Background: Lopinavir/ritonavir has demonstrated antiviral activity in the HIV-infected patient.
Objective: To analyse virological response to lopinavir/ritonavir therapy in previously protease inhibitor (PI)-experienced HIV-1-infected children.
Materials and methods: Sixty-seven HIV-1-children on lopinavir/ritonavir were studied in a multicentre prospective cohort observational study. The outcome variables were undetectable viral load (uVL; VL < or =400 copies/mL) and virological failure after uVL with a rebound of VL >400 copies/mL. VL and genotype of HIV-1-isolates were measured using standard assays.
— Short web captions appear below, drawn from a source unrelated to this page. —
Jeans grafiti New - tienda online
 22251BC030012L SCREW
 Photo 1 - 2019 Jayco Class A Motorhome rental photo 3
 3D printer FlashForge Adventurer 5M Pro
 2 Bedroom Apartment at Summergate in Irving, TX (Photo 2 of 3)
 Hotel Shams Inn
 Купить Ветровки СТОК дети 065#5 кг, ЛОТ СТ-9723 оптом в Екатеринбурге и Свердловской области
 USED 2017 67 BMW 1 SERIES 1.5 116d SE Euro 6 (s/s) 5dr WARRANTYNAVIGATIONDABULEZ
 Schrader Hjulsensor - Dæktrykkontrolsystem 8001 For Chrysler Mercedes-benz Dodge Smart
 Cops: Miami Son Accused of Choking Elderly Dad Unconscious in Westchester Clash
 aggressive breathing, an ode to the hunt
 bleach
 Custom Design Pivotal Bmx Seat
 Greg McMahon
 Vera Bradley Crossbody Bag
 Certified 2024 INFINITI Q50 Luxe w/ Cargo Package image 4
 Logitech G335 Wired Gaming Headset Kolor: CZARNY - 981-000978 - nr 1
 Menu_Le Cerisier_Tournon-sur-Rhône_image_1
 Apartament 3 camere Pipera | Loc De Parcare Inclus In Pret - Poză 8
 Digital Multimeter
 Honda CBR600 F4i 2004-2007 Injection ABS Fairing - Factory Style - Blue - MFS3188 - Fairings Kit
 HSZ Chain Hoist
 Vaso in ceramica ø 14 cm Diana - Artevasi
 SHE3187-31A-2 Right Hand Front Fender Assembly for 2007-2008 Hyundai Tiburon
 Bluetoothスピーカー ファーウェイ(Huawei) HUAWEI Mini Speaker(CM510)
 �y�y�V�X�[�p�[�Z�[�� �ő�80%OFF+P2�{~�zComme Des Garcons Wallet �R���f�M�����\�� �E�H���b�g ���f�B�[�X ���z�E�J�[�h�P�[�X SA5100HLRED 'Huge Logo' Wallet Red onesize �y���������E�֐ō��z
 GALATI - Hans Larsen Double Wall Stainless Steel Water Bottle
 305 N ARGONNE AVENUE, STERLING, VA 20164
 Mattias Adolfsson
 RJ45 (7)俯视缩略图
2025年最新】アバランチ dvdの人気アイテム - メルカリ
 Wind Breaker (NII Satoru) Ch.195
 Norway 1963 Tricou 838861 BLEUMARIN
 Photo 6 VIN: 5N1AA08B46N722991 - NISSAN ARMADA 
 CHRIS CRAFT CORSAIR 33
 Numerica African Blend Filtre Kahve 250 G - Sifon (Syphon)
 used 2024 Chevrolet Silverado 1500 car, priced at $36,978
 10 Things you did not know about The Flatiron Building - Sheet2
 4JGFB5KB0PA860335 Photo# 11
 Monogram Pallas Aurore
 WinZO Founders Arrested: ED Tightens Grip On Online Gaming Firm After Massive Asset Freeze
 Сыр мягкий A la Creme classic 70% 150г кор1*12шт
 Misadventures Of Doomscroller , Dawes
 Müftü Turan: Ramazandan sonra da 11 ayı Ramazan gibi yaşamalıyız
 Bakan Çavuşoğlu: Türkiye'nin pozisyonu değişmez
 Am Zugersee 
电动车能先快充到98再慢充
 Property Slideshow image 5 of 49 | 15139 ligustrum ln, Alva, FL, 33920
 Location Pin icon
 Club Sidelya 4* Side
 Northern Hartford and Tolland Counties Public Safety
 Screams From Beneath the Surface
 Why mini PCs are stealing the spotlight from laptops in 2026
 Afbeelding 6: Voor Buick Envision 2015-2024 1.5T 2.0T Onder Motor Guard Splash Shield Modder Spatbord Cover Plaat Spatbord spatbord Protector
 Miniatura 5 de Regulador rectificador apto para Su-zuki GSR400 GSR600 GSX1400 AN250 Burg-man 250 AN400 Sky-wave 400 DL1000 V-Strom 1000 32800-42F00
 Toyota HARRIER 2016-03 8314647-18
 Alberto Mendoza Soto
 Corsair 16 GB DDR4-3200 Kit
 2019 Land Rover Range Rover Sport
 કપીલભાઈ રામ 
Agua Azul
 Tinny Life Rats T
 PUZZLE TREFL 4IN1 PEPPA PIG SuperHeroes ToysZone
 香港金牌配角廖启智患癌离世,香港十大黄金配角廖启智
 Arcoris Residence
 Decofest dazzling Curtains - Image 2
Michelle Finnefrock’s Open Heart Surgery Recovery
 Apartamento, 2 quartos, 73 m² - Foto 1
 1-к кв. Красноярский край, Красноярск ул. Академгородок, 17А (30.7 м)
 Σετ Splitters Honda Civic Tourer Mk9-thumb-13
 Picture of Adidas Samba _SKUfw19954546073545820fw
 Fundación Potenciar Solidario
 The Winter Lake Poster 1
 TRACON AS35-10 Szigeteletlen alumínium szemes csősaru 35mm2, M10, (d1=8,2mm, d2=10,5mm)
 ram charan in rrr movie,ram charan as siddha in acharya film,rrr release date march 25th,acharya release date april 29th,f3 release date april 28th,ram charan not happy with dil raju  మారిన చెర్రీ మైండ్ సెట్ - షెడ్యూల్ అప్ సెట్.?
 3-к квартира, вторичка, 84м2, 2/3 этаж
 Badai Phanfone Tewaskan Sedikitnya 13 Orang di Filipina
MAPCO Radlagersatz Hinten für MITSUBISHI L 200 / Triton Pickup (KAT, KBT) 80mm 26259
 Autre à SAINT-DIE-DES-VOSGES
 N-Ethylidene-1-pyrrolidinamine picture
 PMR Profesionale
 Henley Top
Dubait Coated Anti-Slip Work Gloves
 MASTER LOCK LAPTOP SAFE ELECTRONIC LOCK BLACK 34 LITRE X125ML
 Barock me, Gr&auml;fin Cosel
Results: 83.5% of children had a 1 log10 VL decrease including 65.6% who reached uVL. Children with >2 changes of antiretroviral therapy (ART) or >5 drugs needed a median time of 3-4 months higher than children with < or =2 changes of ART or < or =5 drugs previous to lopinavir/ritonavir, to reach those values, and the relative proportions (RP) were 2.2 (P =0.038) and 1.9 (P=0.050), respectively. Children with CD4+>15% (P=0.122), VL < or =30,000 (P < 0.001) copies/mL, and age >12 years (P=0.096) achieved an earlier control of VL during the follow-up. The children with virological failure or rebound of VL had higher baseline VL and lower CD4+ T-lymphocytes/mm3 and had taken a greater number of drugs previous to lopinavir/ritonavir. HIV-children with a new nucleoside reverse transcriptase inhibitor (NRTI), or protease inhibitor (PI) or PI plus non-nucleoside reverse transcriptase inhibitors (NNRTI) in the current regimen had a better virological response than children without these new drugs. Also, children with <6 protease mutations had an RP of 2.31 of achieving uVL.
Conclusions: Highly active antiretroviral therapy (HAART) including lopinavir/ritonavir induces beneficial effects in terms of virological outcome responses, and it is an effective option for salvage therapy in PI-experienced HIV-1-infected children.